Problem statement
Currently FreeBSD uses radix (compressed binary tree) to perform all unicast route manipulations including loookups.
Radix requires storing key length in each item, allowing to use sockaddrs and literally any address family.
This flexibility comes at the cost: radix is slow, cache-unfriendly and adds locking to the hot path.
There is an extremely high bar in trying to switch radix to something else.
Some efforts has been done to reduce the coupling, however radix is still closely tied to the rest of the system. Fixed locking semantics, rtentry format, iteration assumptions prevents restrict the list of possible solutions.
Algo overview
For small tables (VM, potentially embedded), class of read-only datastructures can be used, as it is easy to rebuild the entire datastructure from scratch on each change.

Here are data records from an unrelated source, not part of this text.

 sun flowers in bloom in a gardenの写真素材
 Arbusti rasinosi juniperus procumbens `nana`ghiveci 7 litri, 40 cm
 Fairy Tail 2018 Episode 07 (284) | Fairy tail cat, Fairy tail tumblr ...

For large tables, there are far more effective algorithms tailored for IPv4 and IPv6 lookups. Algorithms like DIR24-8, Lulea or DXR use 3-5 bytes per prefix, compared to ~192 bytes in radix for large-table use cases.
They also limit lookup to 2-3 memory accesses (IPv4), while radix can be notably worse.

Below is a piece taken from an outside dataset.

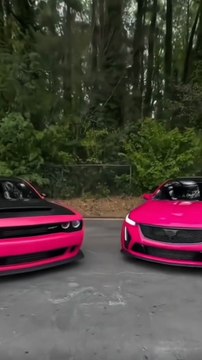 Album Dodge Hell Draw SRT Baode Car Author Will you change your brother to a slut cat after ten years of kidney deficiency? #Dog Hellcat#Dog Demon #Racing car #Sports cars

Some of the algorithms require complex update procedures, so using them assumes some sort of update batching to reduce the change overhead.
Goals
- Reduce the bar in introducing new route lookup algorithms
- Make existing routing lookups for existing families fast and lockless
Proposed solution
Add a framework that allows to attach lookup algorithms via kernel modules, allowing them to be used for dataplane LPM lookups.
As most of the effective algorithms perform one-way compilation of prefixes into custom data structures, their implementations rely on another "control-plane" copy of the prefixes to perform datastructure updates. This approach keeps radix as the “control plane” source of truth, simplifying the actual algorithm implementation. It also serves as the abstraction layer for the current routing code details such as requirements on lock ordering or control plane performance.
Algorithms
As a baseline, the following algorithms will be provided out of the box:
IPv4:
- lockless radix (small amount of routes, rebuilding on each change, in-kernel)

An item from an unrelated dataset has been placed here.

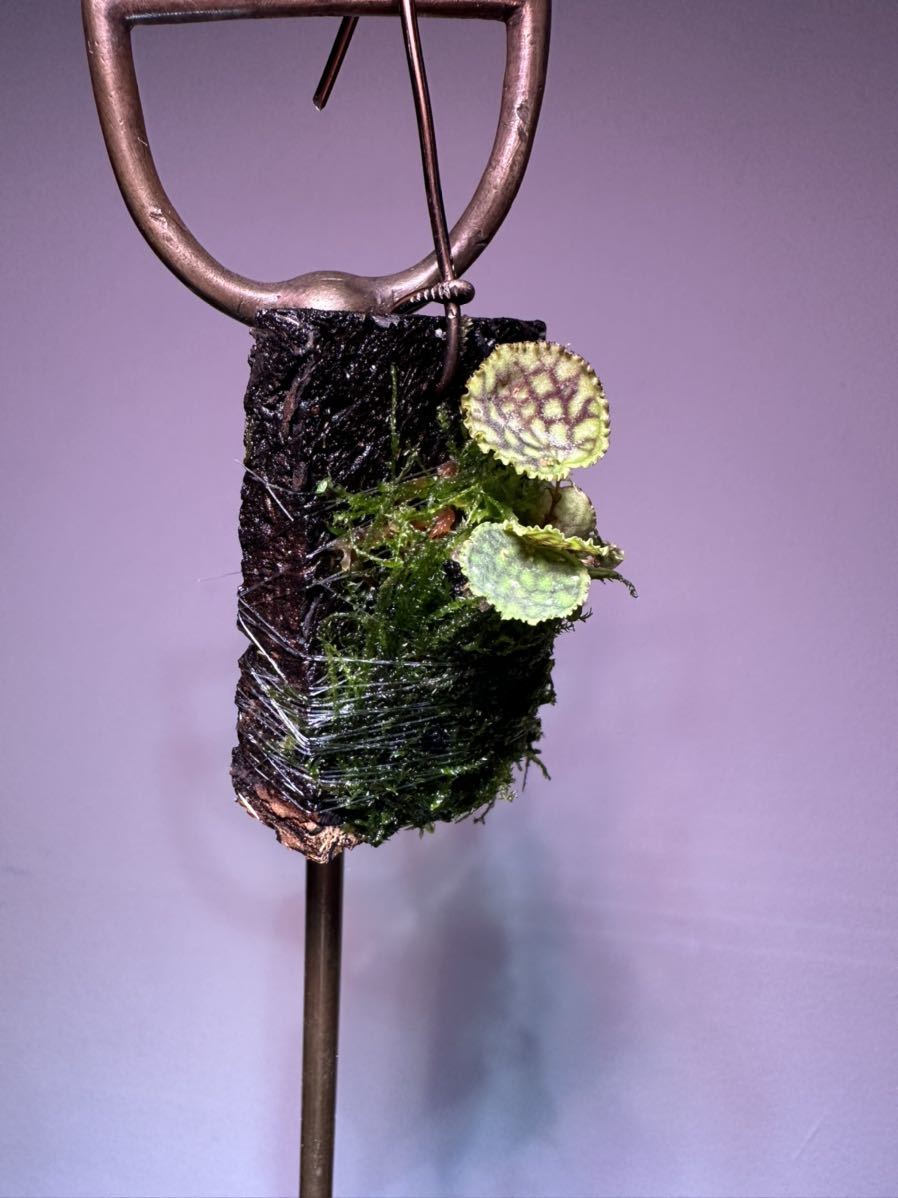 Lepanthes calodictyonレパンテス・カロディクティオン 人気種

- DPDK rte lpm (DIR24-8 variation, large-tables, kernel-module) (D27412)
- "base" radix (to serve as a fallback, in-kernel)
IPv6:
- lockless radix (small amount of routes, rebuilding on each change, in-kernel)
- DPDK rte lpm (DIR24-8 variation, large-tables, kernel-module) (D27412)
- "base" radix (to serve as a fallback, in-kernel)
Implementation details
Framework takes care of handling initial synchronisation, route subscription, nhop/nhop groups reference and indexing, dataplane attachments and fib instance algorithm setup/teardown.
Retries
Framework is build to be resilient about failures. It explicitly allows algorithms to request "rebuild" if an algorithm is unable to perform in-place modification. For example, it is possible that memory allocation fails or algorithm/framework runs of object indexes.
Rebuild is simply building new algorithm instance, potentially fetching data from an old instance and switching dataplane pointers.
This approach simplifies implementation of readonly datastructures and update batching.
Automatic algorithm selection
As different workloads may have different route scale, including the framework in GENERIC requires supporting all scales w/o human intervention. Framework implements automatic algorithm selection and switchover the following way:
- each algo has get_preference() callback, returning relative preference (0..255) for the provided route table scale
- after routing table change, callback is scheduled to re-evaluate currently used algorithm vs others. Callback executes after N=30 sec or M=100 route changes, whichever happens first
- New algorithm preference has to be X=5% better than the current one to enable switchover
Nexthop referencing and indexing
Framework provide wrappers to automatically reference nexthops, ensuring they can be safely returned and their refcount is non-zero.
It also maintains idx->nhop pointer array, transparently handling nhop/nhop group indexes, allowing algorithms to store 16 or 32-bit indexes instead of pointers.
Dataplane pointers
Instead of two-dimensional rnh array operated by`rt_table_get_rnh()`, framework uses per-family linear array of the following structures:
struct fib_dp { flm_lookup_t *f; void *arg; };
Function is the algorithm lookup function and the data is the pointer to the algorithm-specific data structure.
Changing the function/data pointer is implemented by creating another array copy, switching it and reclaiming old copy via epoch(9) callback.
Callbacks
Effectively the lookup module needs to implement 6 callbacks, with nearly all of table interaction is handled by the framework:
# Lookup: return nexthop pointer for address specified by key and scopeid typedef struct nhop_object *flm_lookup_t(void *algo_data, const struct flm_lookup_key key, uint32_t scopeid); # Create base datastructures for the instance tied to a specific RIB typedef enum flm_op_result flm_init_t (uint32_t fibnum, struct fib_data *fd, void *_old_data, void **new_data); # Free algorithm-specific datastructures typedef void flm_destroy_t(void *data); # Callback for initial synchronisation, called for each route in the routing table as a part of "rebuild" # called under rib write lock typedef enum flm_op_result flm_dump_t(struct rtentry *rt, void *data); # Callback for providing the datapath func/pointer to be used in lookups # called under rib write lock typedef enum flm_op_result flm_dump_end_t(void *data, struct fib_dp *dp); # Callback notifying of a single route table change # called under rib write lock typedef enum flm_op_result flm_change_t(struct rib_head *rnh, struct rib_cmd_info *rc, void *data); # Callback for determining relative algorithm preference based on the routing table data typedef uint8_t flm_get_pref_t(const struct rib_rtable_info *rinfo);